Katherine (Kitty) Tylney is the story’s pushover main character, bosom friend of Catherine (Cat) Howard, a girl who makes it her life’s goal to have fun, gain power, and live only for herself, regardless of who she hurts on her way. I identified with Kitty at some times, recognizing the feelings of being ignored while close friends get all the attention; the heady elation felt when you, the invisible one, are finally noticed; and the strong inner emotions of discovering betrayal and the self-deprecation that comes when you let something happen that you knew would bring terrible consequences.
The author tries to stay true to history as much as possible while weaving an intriguing story, and so because of that, Kitty remains invisible and does not move history as I hoped she would. She lets Cat, and others, walk all over her. She has an inner strength that she rarely lets shine. Knowing her strength and seeing her continue to stifle it over and over again was emotionally draining! I wanted to see Kitty defend herself—wondered when she would stand up for herself, but it almost never happens. It was this desire to see her rise up and fight for the good in this story that made me keep turning the pages. In spite of the continuous disappointment (which, in the end, is inevitable if Longshore was to stay true to historical facts), the book drew me in because the main characters were so well-written.
There are several characters who, though primary, fell flat (I kept getting Alice and Joan mixed up and couldn’t really ‘see’ them in my mind), but the other characters’ depth is what overshadowed them.

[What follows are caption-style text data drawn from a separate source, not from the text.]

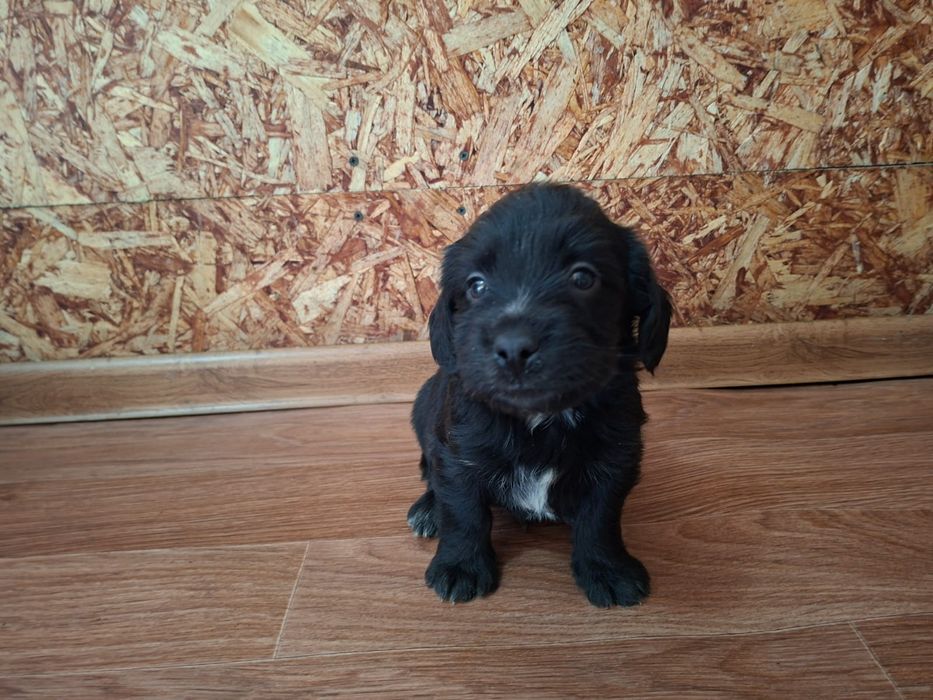 Щенки   спаниэля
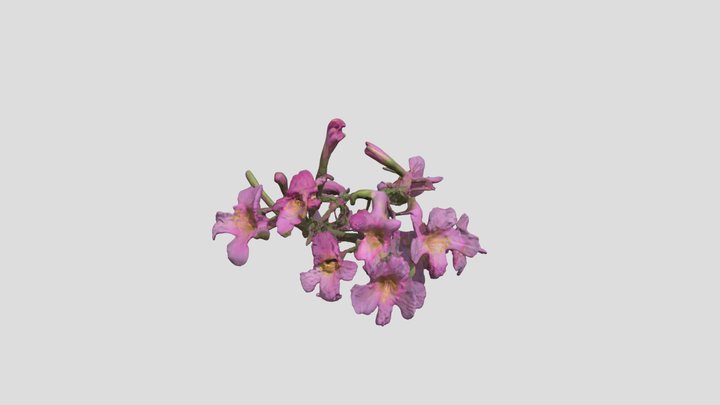 Lapacho I 3D Model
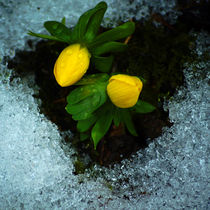 Zwei Gelbe Winterlinge im Schnee by Sabine Radtke
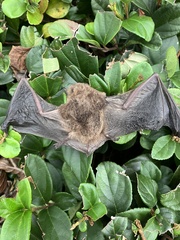 Myotis austroriparius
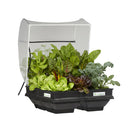 Raised Garden Beds
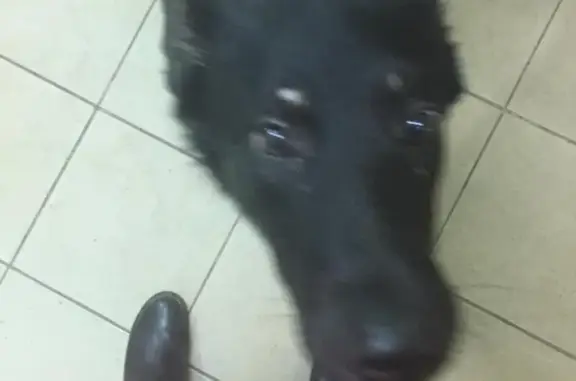 Найдена собака в Москве, Фили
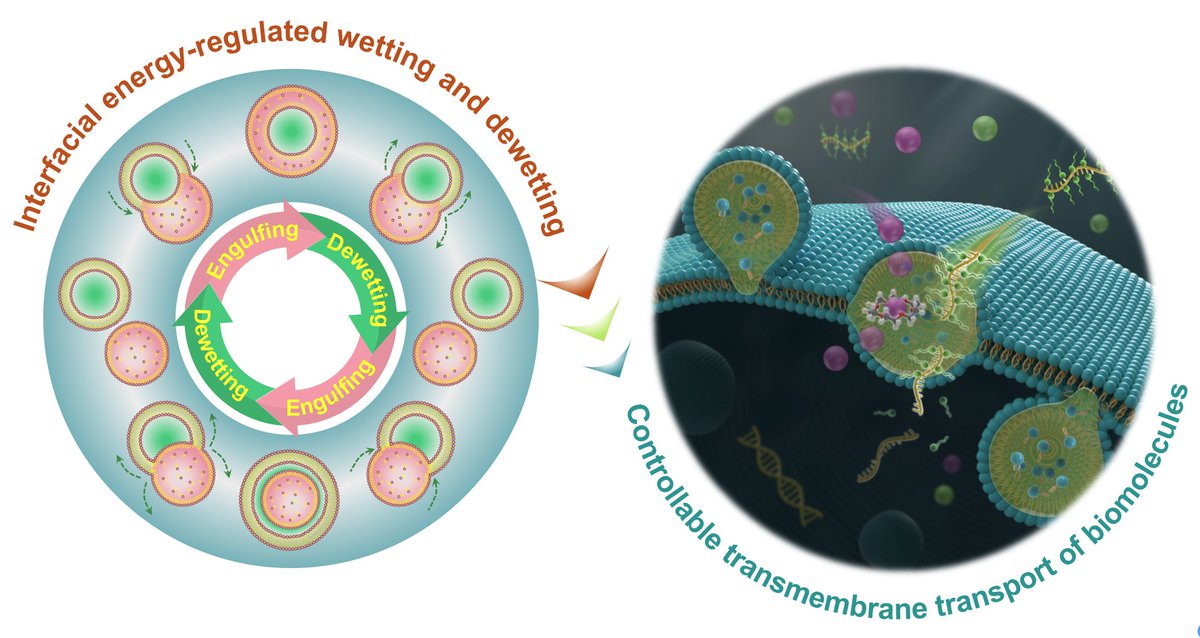 Nan-Nan Deng (@dengnannan) on Twitter photo Delighted to share our recent Nat. Chem. Eng. paper on Interfacial Energy-Mediated Artificial Transmembrane Transport. 👇
nature.com/articles/s4428…
Thanks to Wilhelm for the collaboration! <a href="/Huckgroup/">Huck Group</a> Delighted to share our recent Nat. Chem. Eng. paper on Interfacial Energy-Mediated Artificial Transmembrane Transport. 👇
nature.com/articles/s4428…
Thanks to Wilhelm for the collaboration! <a href="/Huckgroup/">Huck Group</a>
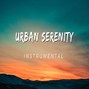 Mohsin Shabir  - Urban Serenity 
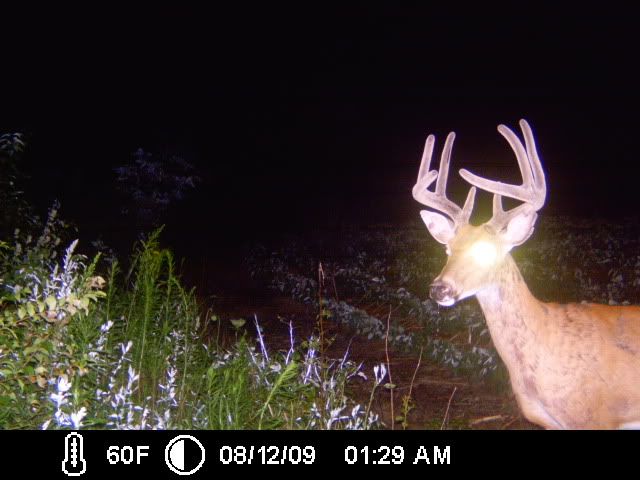 TrailCam09061.jpg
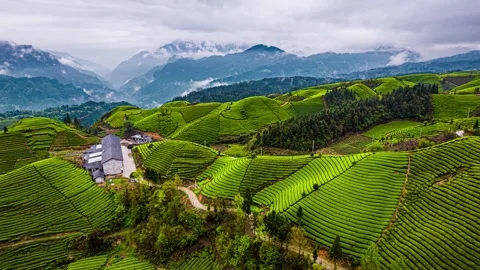4K Aerial Time-lapse of Tea Mountains, Peaks and Sea of Clouds After Rain Stock Footage 338363774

One caveat is the almost unending web of sexual manipulation, innuendo, and promiscuity. There are not graphic sex scenes (although there is a rape scene, it is not written in full detail—only describes the horrific nature of it) but continuous sexual language and lust. This ties into the destructive nature of Cat’s (and others’) life—the pursuit of sex and power and riches leads only to…nothing. The hollow pursuits of almost every person in this story bring to light the reality of their consequences. In the end I think it is obvious how much of a waste Catherine’s life ended up being, and it is sadly eye-opening. Because of this, I think this book should a) not be read by girls younger than say, 15—and read with discussion following—and, b) could be helpful in that it shows how living only for yourself and pursuing sex, riches, and power lead to naught. I finished feeling deeply in my heart how important it is to make life so much MORE than this—and I think this book could show teenagers the same. It will leave the reader thinking, “Who cares about jewels and riches and lust—I want deep, real relationship, honesty, and meaning in my life.”